Foi isso que aconteceu com a dupla que se estabeleceu no quarteirão onde passeia uma moça e seus cachorros. Encantada, ela fala de sua intimidade com a mamãe quero-quero, com quem bate longos papos. Já com o pai, ela mantém certa distância, pois o macho mostrou ser violento na defesa do território ocupado.

Tudo começou em setembro, quando a moça e seus cães faziam a caminhada diária pela lomba da Humaitá. Um quero-quero deu um rasante sobre ela, ameaçando-a com seu esporão pontudo. Billy e Rebeca latiram, o que atiçou ainda mais o agressor.
Afastando-se um pouco da zona de perigo, a moça reparou na fêmea sentada no ninho, provavelmente chocando os ovos. Daí a razão de o companheiro ser tão intenso na investida contra os invasores: estava cumprindo seu dever de pai.

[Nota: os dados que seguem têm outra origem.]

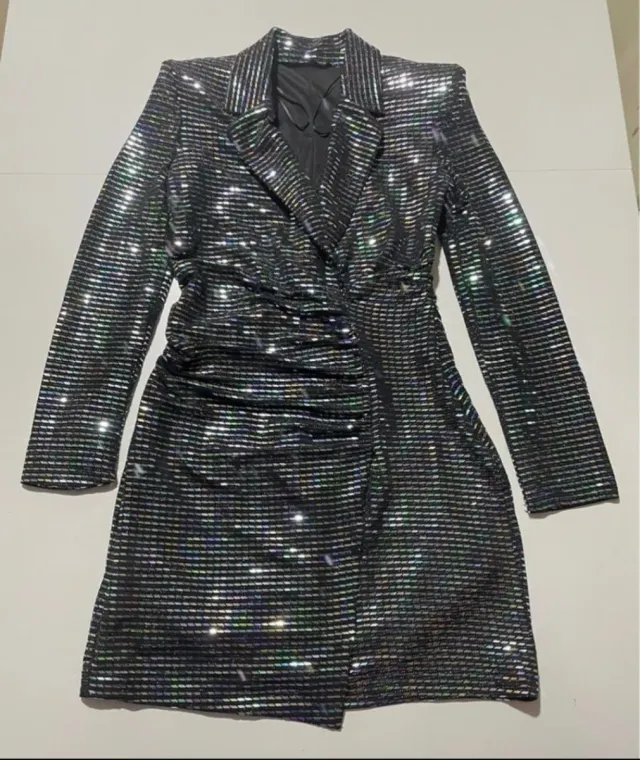 Vestido plateado brillante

De repente, o olhar da moça encontrou o olhar da ave. Uma cumplicidade entre as almas femininas, um entendimento mudo e mútuo marcou o início da relação. E essa confiança propiciou o diálogo entre as duas espécies: a humana, através da palavra; a alada, através de sinais corporais.

O ritual diário criou laços de ternura entre ambas, tanto que, num dos encontros, mais especificamente no dia 20 de setembro, a fêmea levantou-se do ninho para exibir seus quatro filhotes recém-nascidos.

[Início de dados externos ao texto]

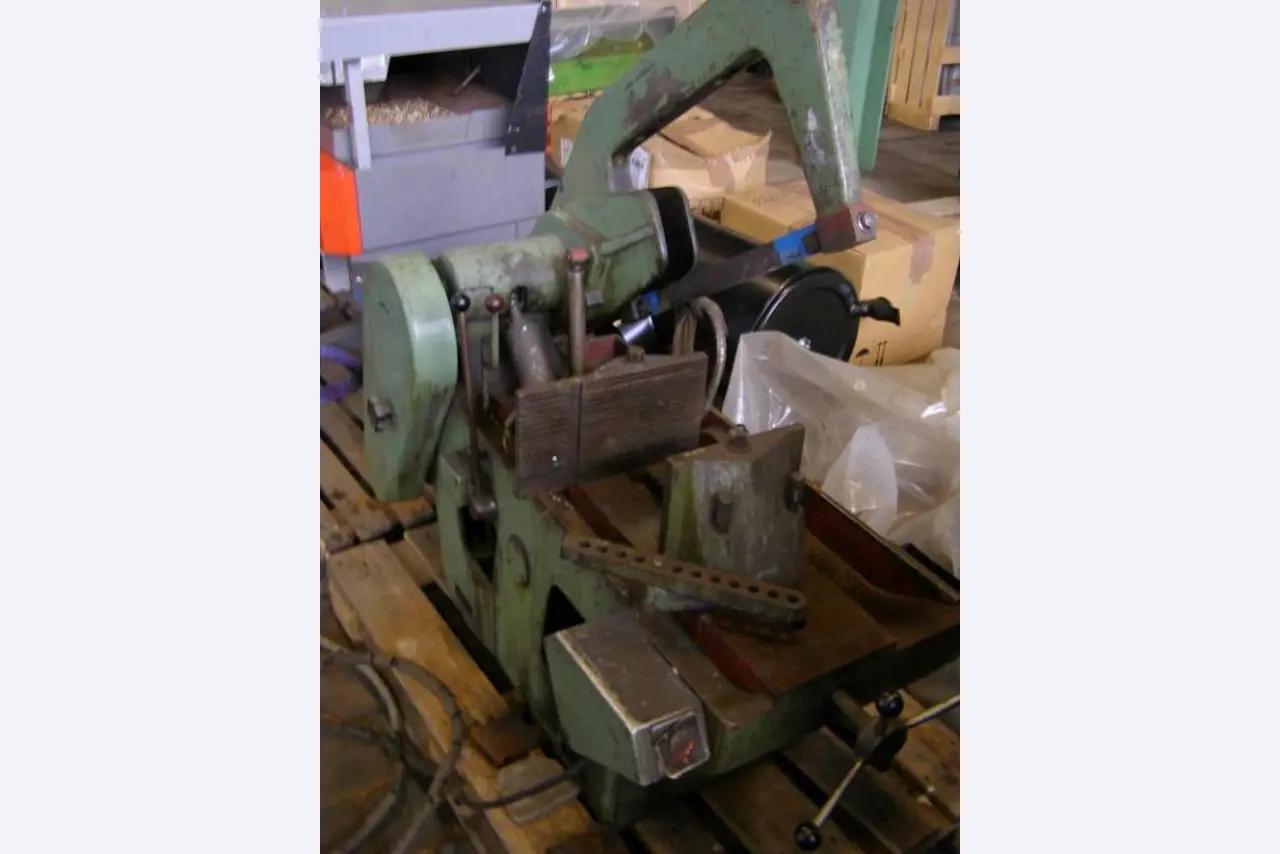 quebra-gelo/ rebocador motorizado bem conservado <br>"Hugo Lentz"-11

Mas, dia desses, durante o passeio habitual, a moça teve um baque. “Cadê meus quero-queros?”, perguntou apavorada ao Billy. Foi Rebeca quem respondeu com um “au-au” que poderia ser traduzido como “eles estão no terreno baldio, ao lado”.
E estavam mesmo. O vizinho havia atraído a família dos sem-terra para mais perto de sua casa, com comida abundante e uma piscininha de água limpa.

“Sacanagem!”, pensou a moça. Mas, logo constatou que nada mudara entre ela e a mamãe quero-quero. Mesmo cuidando da prole, a ave posicionou-se de tal forma que pode manter aquele contato visual tão significativo. Já o pai, mais racional que nunca, abria as asas e alertava os filhotes, que corriam para o esconderijo como tartaruguinhas correndo para o mar.
Tudo continua perfeito. A caminhada diária, o encontro, o diálogo, a gritaria do macho, a disparada dos pequenos… Mas, como estivesse meio cismada, a moça expressou sua dúvida no local de trabalho:

– Será que a família vai ficar por aí depois de crescidos os filhotes?

– Depende do aluguel. Se não subir muito… – brincou o colega, que não tem esses pruridos sentimentais.
Comprovada a teoria: machos são “machos”. Em qualquer espécie.